6. Demonstrate commitment. To spark a fire is one thing, but to keep the fire going is quite another. So, to keep the passion in your relationship you must turn away from your indifference and demonstrate commitment to your relationship by your words and actions. What was Naomi’s response when Ruth verbalized her commitment to her as she was returning home? Ruth said, “Entreat me not to leave you, or to turn back from following after you; for wherever you go, I will go; and wherever you lodge, I will lodge; Your people shall be my people, and your God, my God. Where you die, I will die, and there will I be buried. The Lord do so to me, and more also, if anything but death parts you and me.” ‘When she saw that she was determined to go with her, she stopped speaking to her’ ” (Ruth 1:16-18). This verbal commitment of love and affection touched Naomi’s heart and caused her to cease trying to send her away.
God Himself verbalized His commitment to His people. God declared, “For the mountains shall depart and the hills be removed, but My kindness shall not depart from you, nor shall My covenant of peace be removed, “Says the Lord, who has mercy on you” (Is. 54:10). Words like these are what you need to say to your mate. Say them today!
But, God did more than just verbally promise to never turn from His kindness toward them. He acted to prove His love by sending His Son to walk among them and redeem them.
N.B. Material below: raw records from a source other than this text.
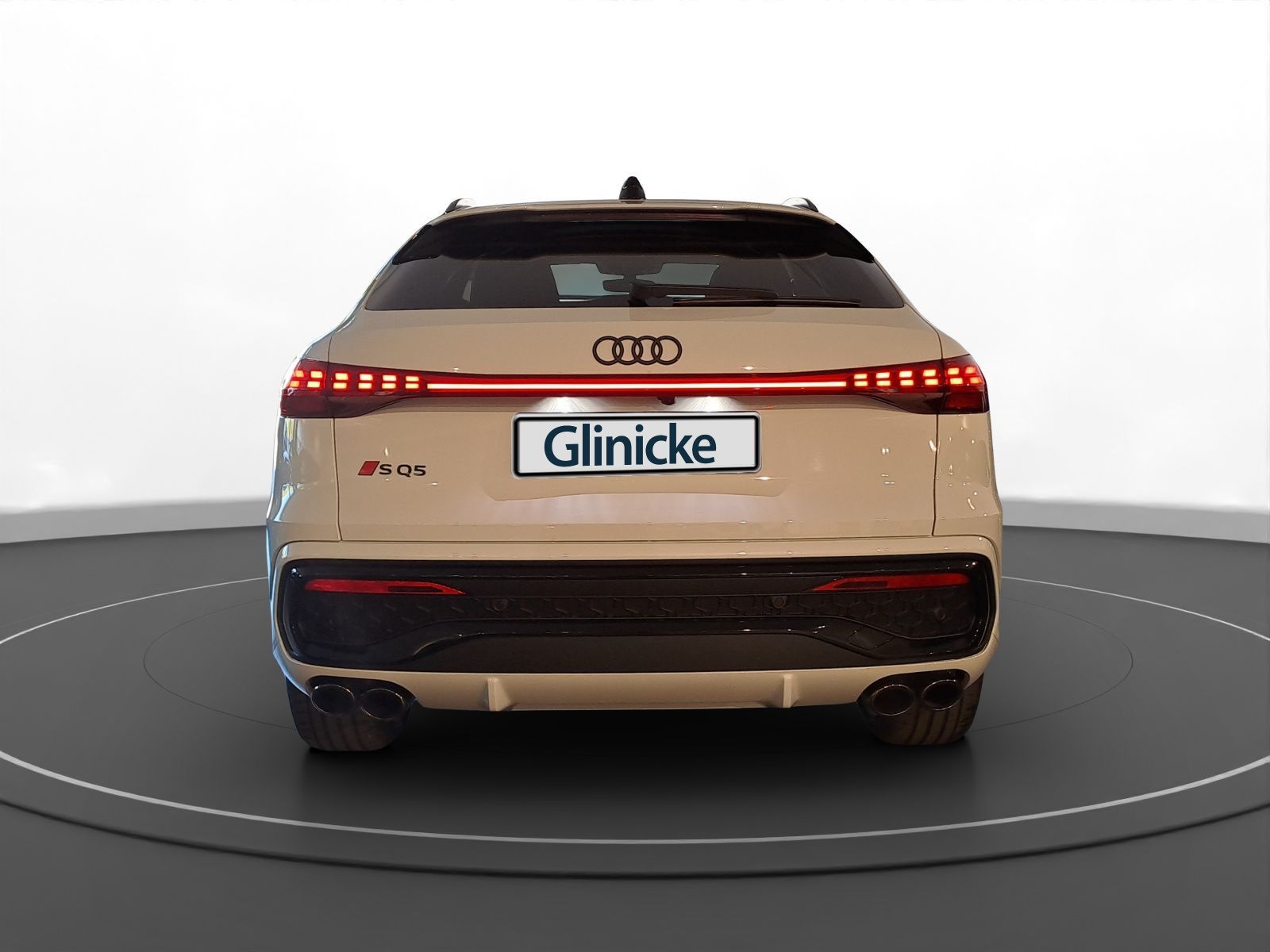 Audi SQ5 - Bild 7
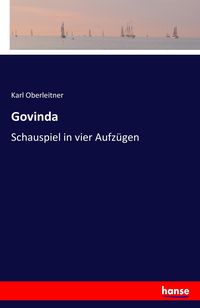 Produktbild: Govinda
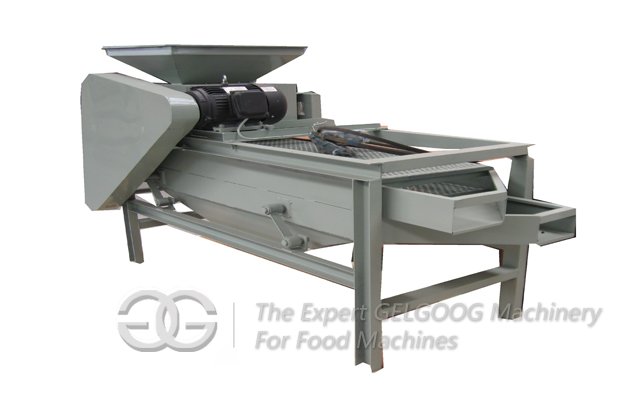  Almond Separator Machine For High Performance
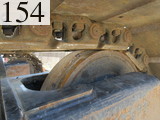 Used Construction Machine Used CAT CAT Excavator 0.7-0.9m3 320E-2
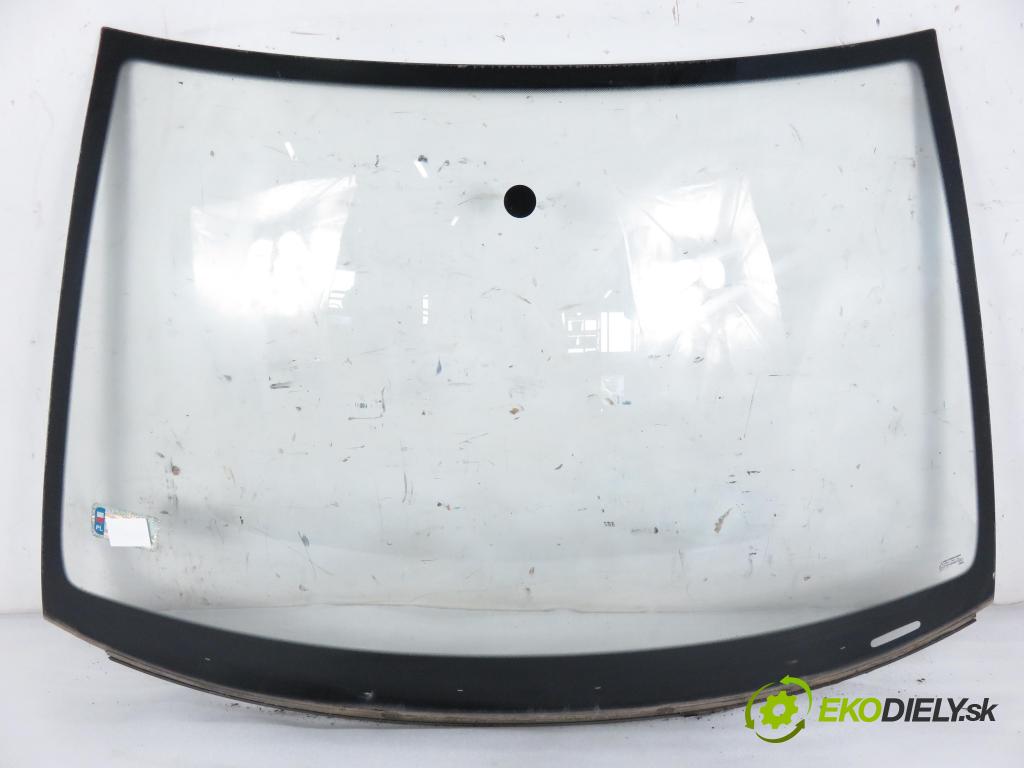 SKODA FABIA I (6Y2) HB 2000 74,00 1.4 16V - AUB 1390,00 okno PŘEDNÍ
You too need to take practical steps to demonstrate that you are not leaving your mate, but are fully committed.
If you want to keep the spark in your marriage then verbalize regularly your commitment to never depart and to work through the hard times. Demonstrate by your actions that you mean what you say by continuing to do all the things that I have already written in this article.
7. Give honor and preference. To continue experiencing the spark plug firing in your relationship both partners must honor and prefer the other. Paul said it this way: “Be kindly affectionate to one another with brotherly love, in honor giving preference to one another” (Rom. 12:10). To give honor to your mate means that you value, esteem, and respect your spouse because he or she is precious to you. Giving preference means to take the lead by your unselfish behavior to show love. Selfishness will only quench the spark of affection; but preferring your mate is the only behavior that will motivate you to re-light the fire of affection between you. If your mate is truly valuable to you and precious in your sight, then put your mate’s needs before your own! Consider your mate’s requests before pursuing your own interests. Listen to his or her concerns before speaking your own. Put your mate’s sexual needs before your own. Put your spouse’s recreational desires before your own. This is how you practically show your spouse that you value them and the relationship. This is what it means to be kindly affectionate.
Affection and kindness are the essence of what love is and how you show it to your spouse. Paul said, “Love suffers long and is kind” (1 Cor. 13:4). This type of love will take you through the tough times and always keep the spark of passion for one another alive. Even though you have trials and hardships God will empower you with His own love so that you will grow in your affection for each other. Don’t miss this great privilege of showing affection to your spouse and the experience of receiving that same affection in return!